Un ruvido scultore con mani callose e finissima fattura spaccia la propria pietra per quella di un noto artista, il suo talento invidioso crede alla giustizia dei millenni che equipara gli oggetti. Non è affar nostro, questa livella e non convince l’antagonismo, ma si comprende la forza del fatto e dell’idea che la parte indistruttibile del ‘messaggio’ si impone sulla circostanza erronea; è un confronto duale, ma non manicheo, che avviene grazie alla forza rettificante del tempo. Suggerisce la speranza che il caso ripeschi ciò che è stato scartato, che il caso giustifichi, e che il caso sia Dio. il sasso è rastremato e ricamato al tatto, quasi fosse da leggere in braille. Dal disegno al segno siamo abituati a comparare le forme, ad aprire i sistemi. Per secoli il fascino dei geroglifici ha incantato curiosi, studiosi, passanti, gatti e monelli, abituati a trattare i segni di civiltà straniere con la consuetudine a cenni ed ipotesi, che non toglie stupore alla normalità; gli obelischi sono come gli alberi di Baudelaire che sussurrano parole, criptate e rivelate.
Le utopie e le ectopie sembrano poco più che tentativi ininterrotti di aprire la serratura che resiste ai suoi scassinatori e si apre al tocco, -destinato- dei clavigeri, finché gli aneliti ad un certo punto confluiscono in una risposta. Salto di livello, scatto evolutivo. Riscatto delle attese, emendazione degli errori. Con la fiducia nella risolvibilità del gioco si muovono gli scienziati, si muovono i migranti, si muovono i santi. Chi ha tradotto la stele lo sa. La mente unica – neuroni umili e insigni- recepisce in anticipo di secoli le immagini oniriche, catalizza e traduce le grandi onde dal permanere dei fatti all’espiazione dei misfatti. Alla fine la decodifica avviene, le terre promesse si raggiungono. Qualcuno sta già parlando di una nuova geografia, globale e locale in ogni angolo della terra. La rete morbida, il passo ulteriore la medaglia dalla doppia evocazione, volendo la “rotonda sfera” lanciata in greco dai frontoni iniziatici alle reti di silicio che connettono tutti a tutti, e la beatitudine aramaica e nazarena delle piaghe sanate fino agli ultimi confini.

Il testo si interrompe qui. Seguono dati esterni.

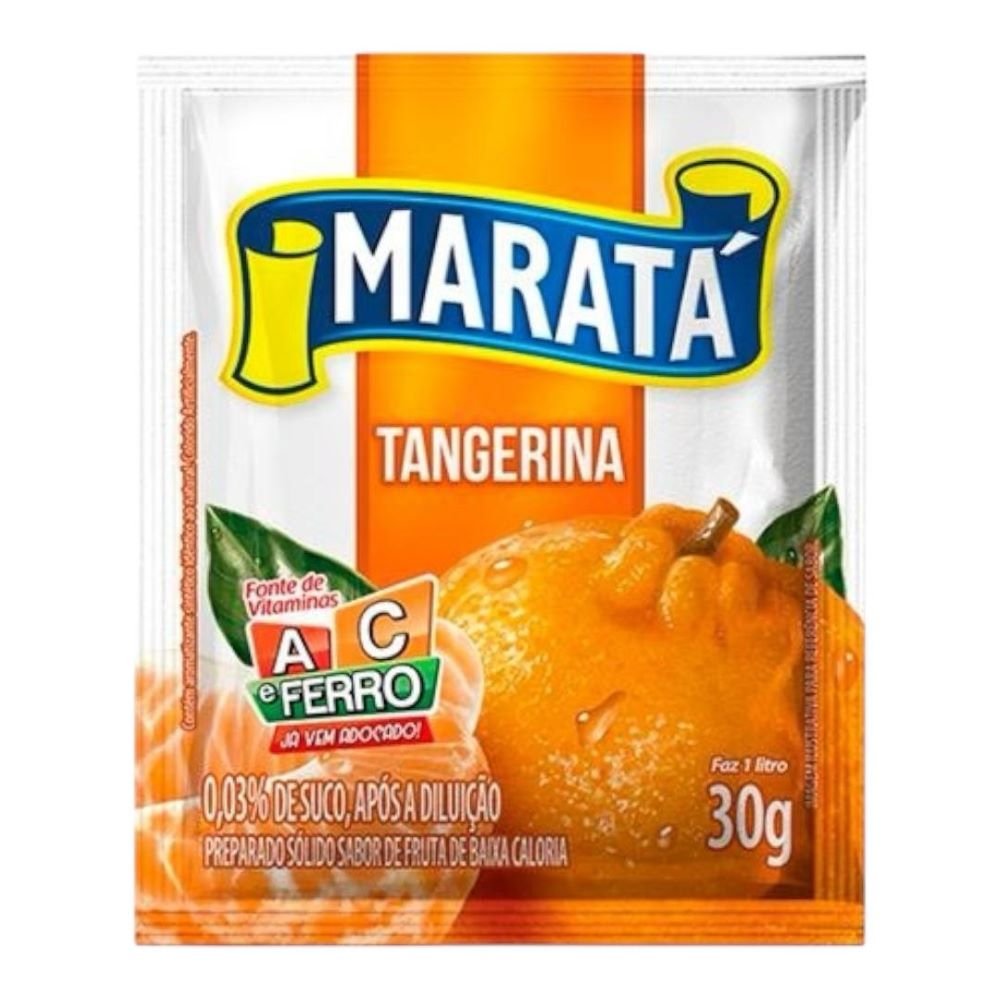 Suco Marata Tangerina 25g - Caixa com 8 Unidades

A Napoli c’è la y di Forcella, l’Igheia che sbaraglia, il Cristo glorioso. Arte, profezia, geniale intuito; la veste scenica precede la soluzione inattesa, lo squarcio è il sole, col suo filo che si dipana imperterrito, capace di passare attraverso un pertugio, segnare il luogo e il tempo e aprire il varco.
Dall’altra parte del mondo, le fanciulle con gli abiti a pieghe, come le nivee colonne, accendono la fiaccola olimpica, il mondo riceve la percezione cosmica e la benedizione superiore che rende il tempo progressivo e sempre uguale a se stesso. La modulazione della coincidenza degli opposti diventa un ritmo comprensibile. L’altra faccia della guerra di ieri, speranza olimpica, è già il modo, la selezione, la palestra, il messaggio, la primizia imperterrita di domani, la sfilata delle bandiere.
Advertising. Il logo di Tokyo è sotto i nostri occhi silenzioso come una Ferrari, come le bracciate dei nuotatori in piscina, e le lame degli schermidori, eleganza fattiva in piena convalescenza del mondo.